2010-09-01 07:15:43 | 文化
ある調査によれば、日本は資本主義国の中では例外的に市場競争に対する拒否反応が強いという結果が出ています。競争を容認する人、好まない人のその理由を下に示します。
競争を嫌う人の理由
(1) 公平な競争などあり得ない
(2) 他人と比べられるのが嫌い
(3)競争が嫌い
(4)勝ち負けにこだわるのはつまらない
一方、競争を容認する人の理由
(1) 努力は報われる
(2) 自分の実力が知りたい
(3) 全体の向上が期待できる
(4) 負けるのが嫌い

上記のほかに、幸福度や充実感は他人と比較できるものではない、勝ち負けをはっきりさせることにこだわるのははしたない、競争意識を持っていても表に出さないのが品性の高い大人の態度だと思う、などがあります。

この問題、人生観や価値観が多様ですから、良い悪いを単純に結論づけることはできないでしょう。しかし、競争の無い世界は活性が乏しくなるのではないかと私は感じます。だからといって、競争の無い世界が悪いと直ちに断言できないことも明白です。

 私は、競争の功罪はともかくとして、「公平」ということが、とても大切だと思います。
努力に応じて、報われるのが公平な社会ではないかと思うからです。スポーツや囲碁、将棋
の世界は比較的公平です。
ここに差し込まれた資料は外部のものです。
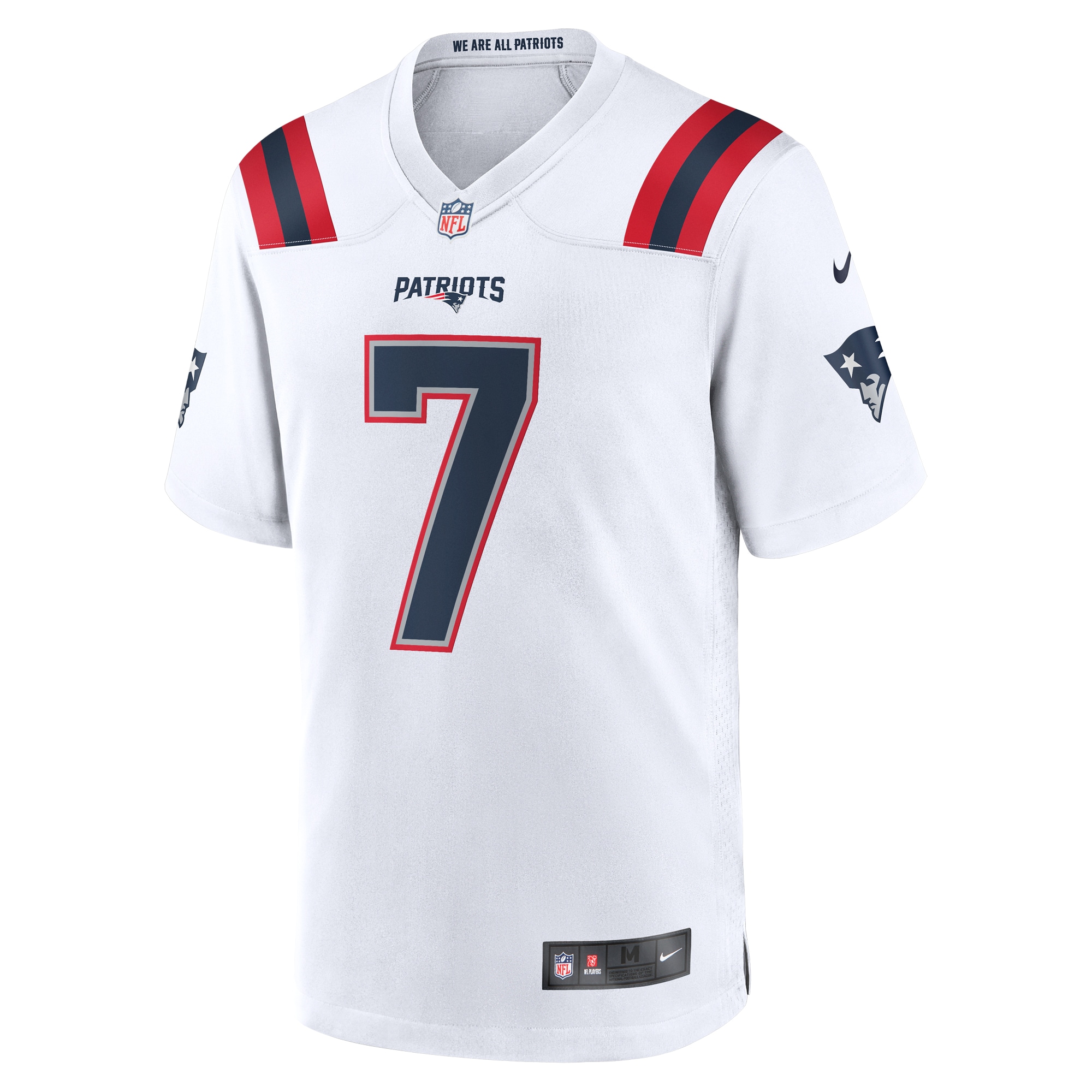 JuJu Smith-Schuster New England Patriots Nike Game Player Jersey - { White - vstockx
これらの世界では、努力すれば誰にでも強くなる機会が与えられています。そして、より上級の試合に出場できるようになります。良い成績をおさめれば、段位やタイトルや賞金が獲得できます。また公平さを支えるためには勝敗が明快に判定できることが重要です。野球やサッカーならば得点、将棋ならば、どちらが王将を詰めたか、ですから明快です。一方、芸能や文芸、絵画、書道、華道、茶道、短歌、俳句のような文化の世界は、力量を客観的に決める普遍的な評価基準が単純明快に決っているわけではないので、公平性を保つのが難しい面があります。これらの世界では努力して才能を磨き、向上し、それが有る程度報われるという社会ではないかと思われます。死後、評価されることもままあるようです。

 詩経に「切磋琢磨」という言葉があります。
 その意味はご承知の通り、学問や修養によって自分を磨きあげる。また、友人どうしが互いに励まし合い、競い合って学問や仕事に励むことです。中国でも孔子の時代から競争しながら、自分を磨くことは意義のあることとしておりますし、これは人生に対する積極的な態度ではないかと思われます。

最後に、米国スタンフォード大学の西義雄教授の話(電気学会誌)を紹介します。「アメリカにはピンからキリの人間がいますが、ピンもキリもその程度が極端な者がいます。日本の青年が、自身では短期の観光程度の経験しか持てない、したがってピンのすごさを体験として知り得ないとしたら大変残念です。ピンの群に混じって燃焼する人生を送ることを選ばないのであったら、いささか安易に過ぎるのではないでしょうか」
 と警鐘を鳴らしておられます。